(Short descriptive text snippets)
[Start of section]
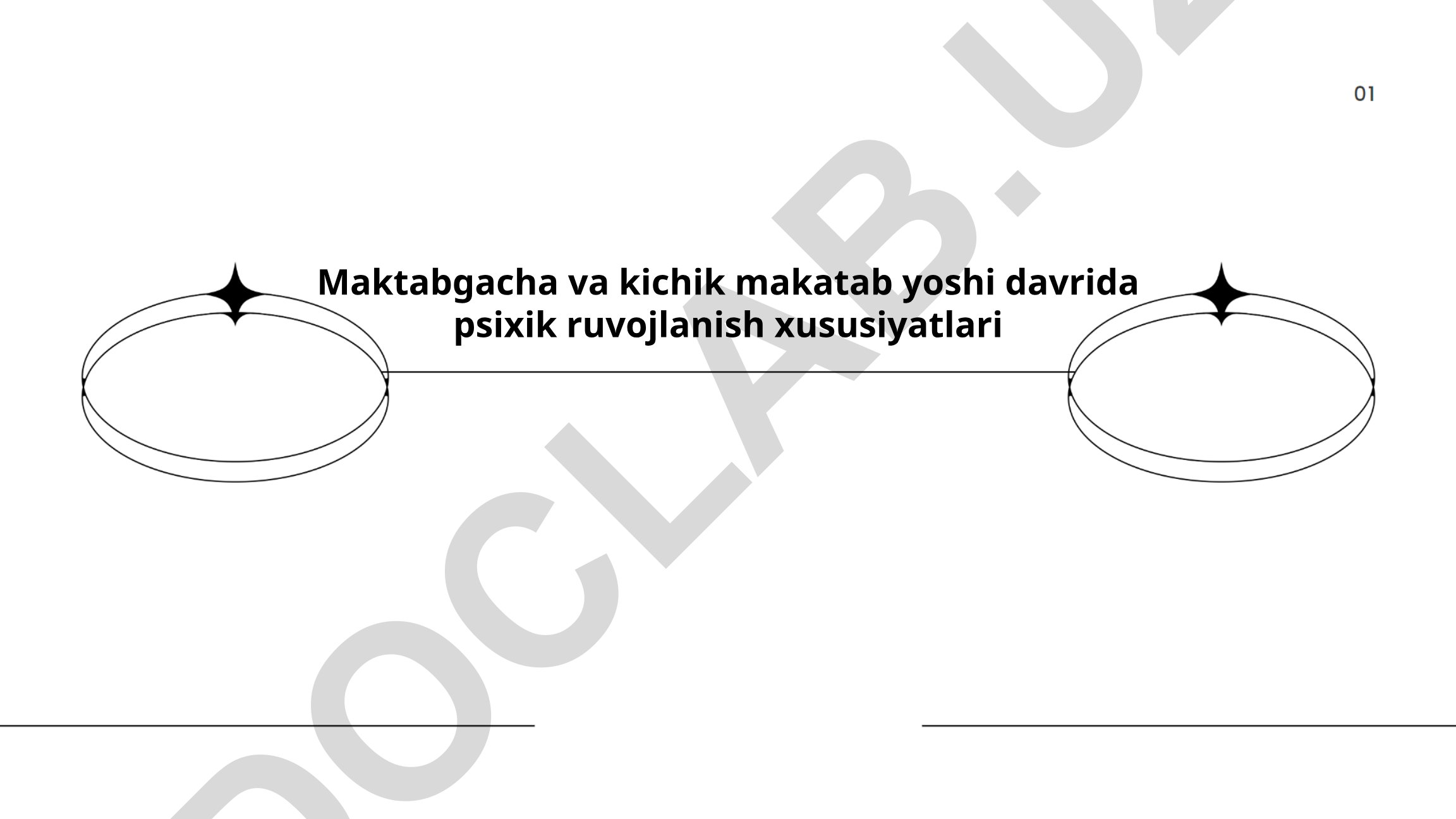 Maktabgacha va kichik maktab yoshida psixik rivojlanish xususiyatlari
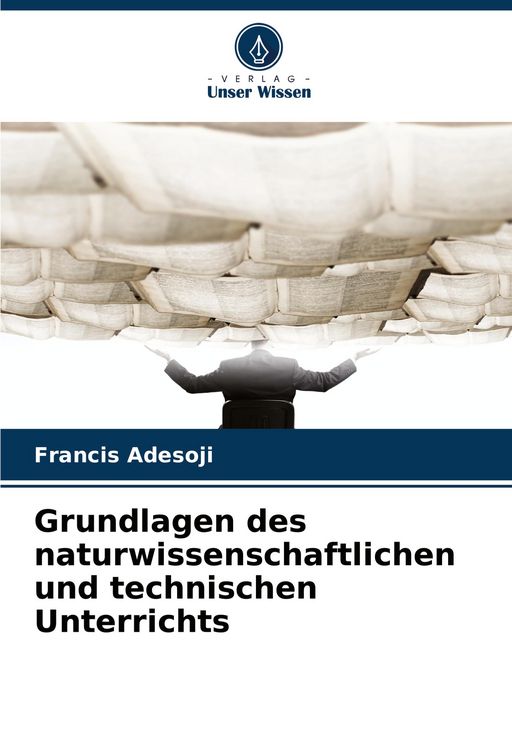 Produktbild: Grundlagen des naturwissenschaftlichen und technischen Unterrichts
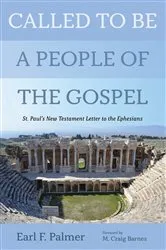 Book cover of Called to Be a People of the Gospel by Earl F. Palmer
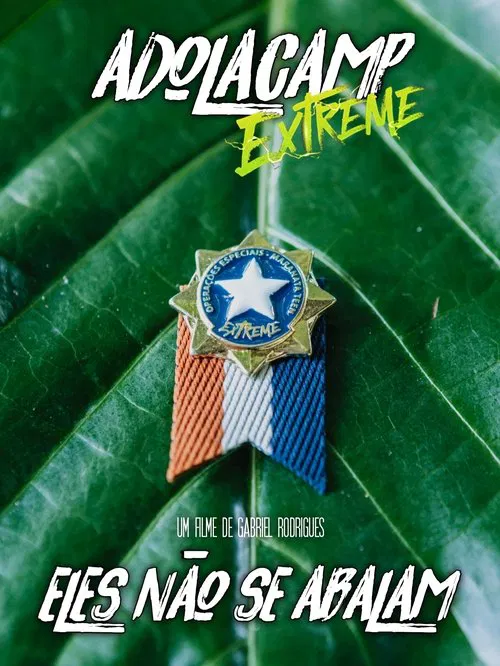 Adolacamp EXTREME: Eles Não se Abalam poster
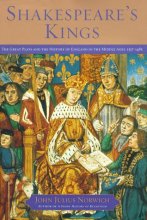 Cover art for Shakespeare's Kings: The Great Plays and the History of England in the Middle Ages: 1337-1485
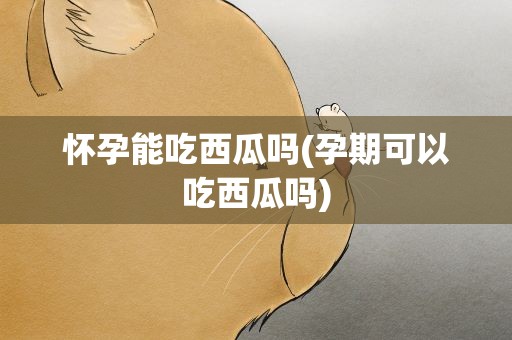 怀孕能吃西瓜吗(孕期可以吃西瓜吗)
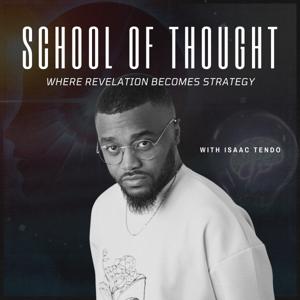 SCHOOL OF THOUGHT W/ISAAC TENDO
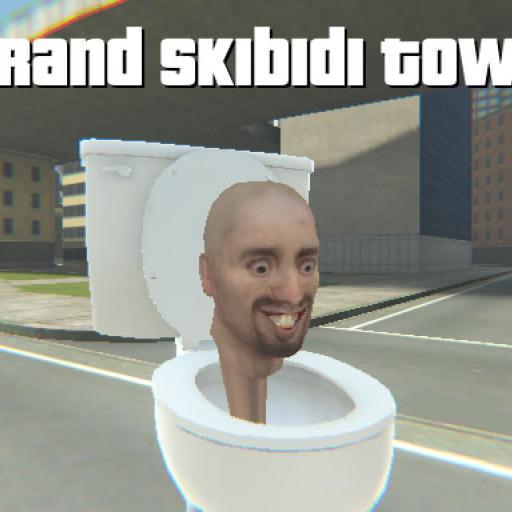Grand Skibidi Town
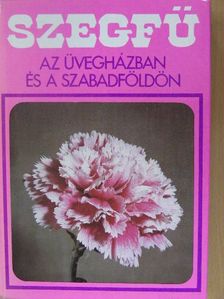 Furka Mihály - Szegfű az üvegházban és a szabadföldön [antikvár]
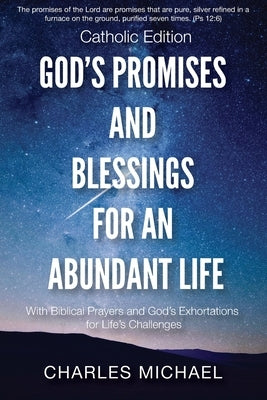 God's Promises and Blessings for an Abundant Life: With Biblical Prayers and God's Exortations for Life's Challenges (Catholic Edition) by Michael, Charles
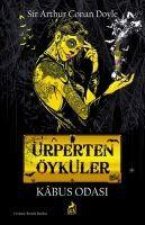 Ürperten Öyküler - Kabus Odasi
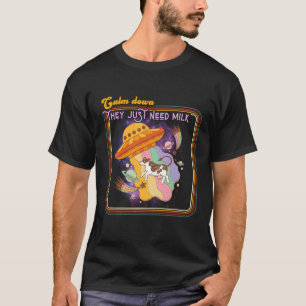 Beruhigen Sie sich und brauchen Sie nur Milch - Fu T-Shirt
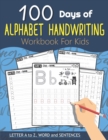 Image for 100 Days of Alphabet Handwriting Workbook For Kids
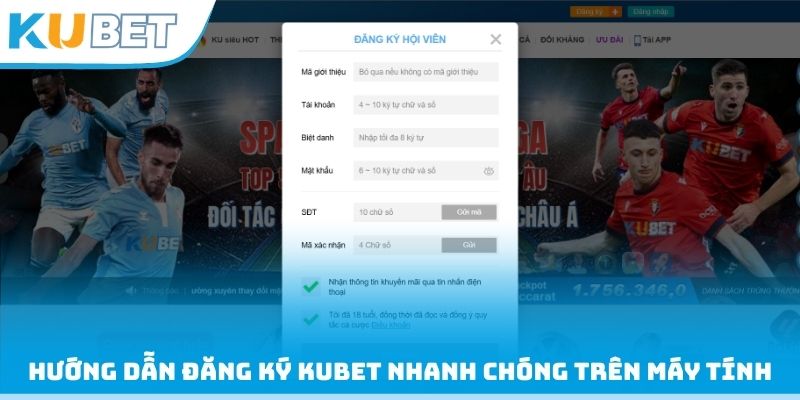 Hướng dẫn đăng ký Kubet nhanh chóng trên máy tính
[End of section]
■ **THE TASK**
Omit every picture, then write out the entries above exactly.

■ **TASK OUTPUT**
 Maktabgacha va kichik maktab yoshida psixik rivojlanish xususiyatlari
 Produktbild: Grundlagen des naturwissenschaftlichen und technischen Unterrichts
 Book cover of Called to Be a People of the Gospel by Earl F. Palmer
 Adolacamp EXTREME: Eles Não se Abalam poster
 Cover art for Shakespeare's Kings: The Great Plays and the History of England in the Middle Ages: 1337-1485
 怀孕能吃西瓜吗(孕期可以吃西瓜吗)
 SCHOOL OF THOUGHT W/ISAAC TENDO
Grand Skibidi Town
 Furka Mihály - Szegfű az üvegházban és a szabadföldön [antikvár]
 God's Promises and Blessings for an Abundant Life: With Biblical Prayers and God's Exortations for Life's Challenges (Catholic Edition) by Michael, Charles
 Ürperten Öyküler - Kabus Odasi
 Beruhigen Sie sich und brauchen Sie nur Milch - Fu T-Shirt
 Image for 100 Days of Alphabet Handwriting Workbook For Kids
 Hướng dẫn đăng ký Kubet nhanh chóng trên máy tính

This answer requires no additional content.